Hechos de los apóstoles 2, 42-47

Sal 117, 2-4. 13-15. 22-24

san Pedro 1, 3-9

san Juan 20, 19-31

«Si no veo en sus manos la señal de los clavos, si no meto el dedo en el agujero de los clavos y no meto la mano en su costado, no lo creo.» Comprendo perfectamente a Tomás, el Mellizo. Seguro que era uno de los más fervientes apóstoles de Cristo. No se enteraba de nada, pero se haría sus “castillos en el aire” sobre el Reino de Dios. Mentalmente ya habría distribuido cargos, prebendas entre los fieles y castigos a los que les habían despreciado durante el tiempo que caminó, a las duras y a las maduras, con Jesús. Esperaba tanto, según su entender, que la cruz fue para él un verdadero escándalo. No le bastaba el testimonio de otros, tenía que ver, que tocar, que humillarse. A la vez que sentía la muerte de todas sus esperanzas sabía que algo en su interior le decía que había algo más, que Jesús no podía defraudarle, por eso se queda con los discípulos, aunque fuese con las puertas cerradas.

Entonces aparece Jesús y Tomás ya está con ellos. En un momento tiene que hacer una tarea que a otros nos cuesta años y creo que todavía no lo hemos conseguido. En un instante, al encontrarse con el crucificado resucitado cambia toda su vida, sus prioridades, sus planteamientos, sus certezas y reconoce a aquel que es «¡Señor mío y Dios mío!». Puede parecer fácil teniendo a Cristo delante, pero recordemos que ya el Señor había dicho que algunos no creerán aunque resucitase un muerto.

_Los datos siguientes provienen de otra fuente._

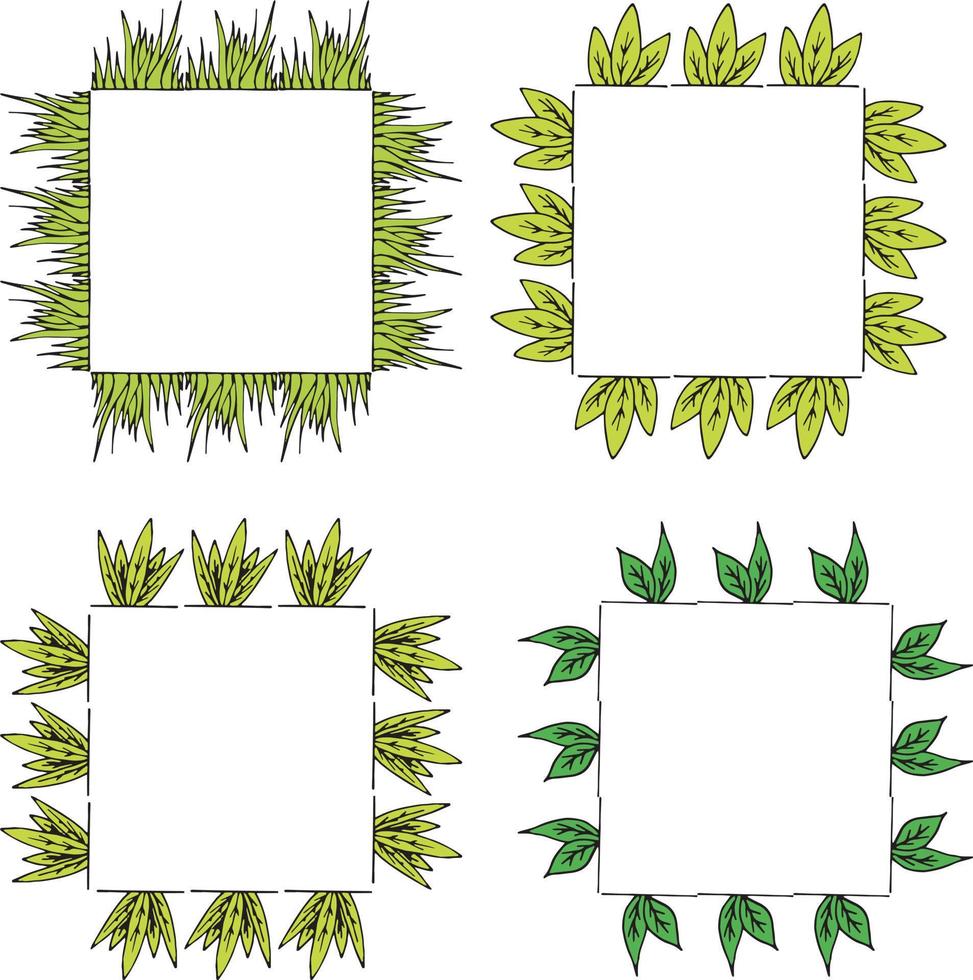 fyra fyrkantiga ramar med grönt gräs och löv. isolerade ramar på vit bakgrund för din design vektor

No es sólo ver a Cristo resucitado. Tomás, de un plumazo, expulsa de sí sus dudas, su postura escéptica, su pose de “hombre realista y sensato” que habría mantenido ante los apóstoles y, al liberarse de todo ello, se llena de la paz de Dios y puede mirar a Jesús con los ojos del hombre nuevo.

«Paz a vosotros.» Y, diciendo esto, les enseñó las manos y el costado. Y los discípulos se llenaron de alegría al ver al Señor. Jesús repitió: -«Paz a vosotros. Como el Padre me ha enviado, así también os envío yo.» Y, dicho esto, exhaló su aliento sobre ellos y les dijo: -«Recibid el Espíritu Santo; a quienes les perdonéis los pecados, les quedan perdonados; a quienes se los retengáis, les quedan retenidos.» Termina la octava de Pascua, aún nos quedan 42 días de tiempo pascual. Si aún no hemos cambiado nuestro corazón y nuestra mirada tendremos que recurrir a una buena confesión para desatar todo lo que nos une al hombre viejo y reconociendo a nuestro Dios y Señor dar un paso, aunque sea pequeño, hacia la meta. Entonces descubriremos que la santidad, la nueva vida en Cristo, no es algo inalcanzable sino que está mucho más cerca de lo que nuestros miedos nos indican.

Cómo miraría la Virgen a Tomás, cómo le sonreiría y alentaría para que supiese esperar. Así hace con nosotros para que tengamos vida.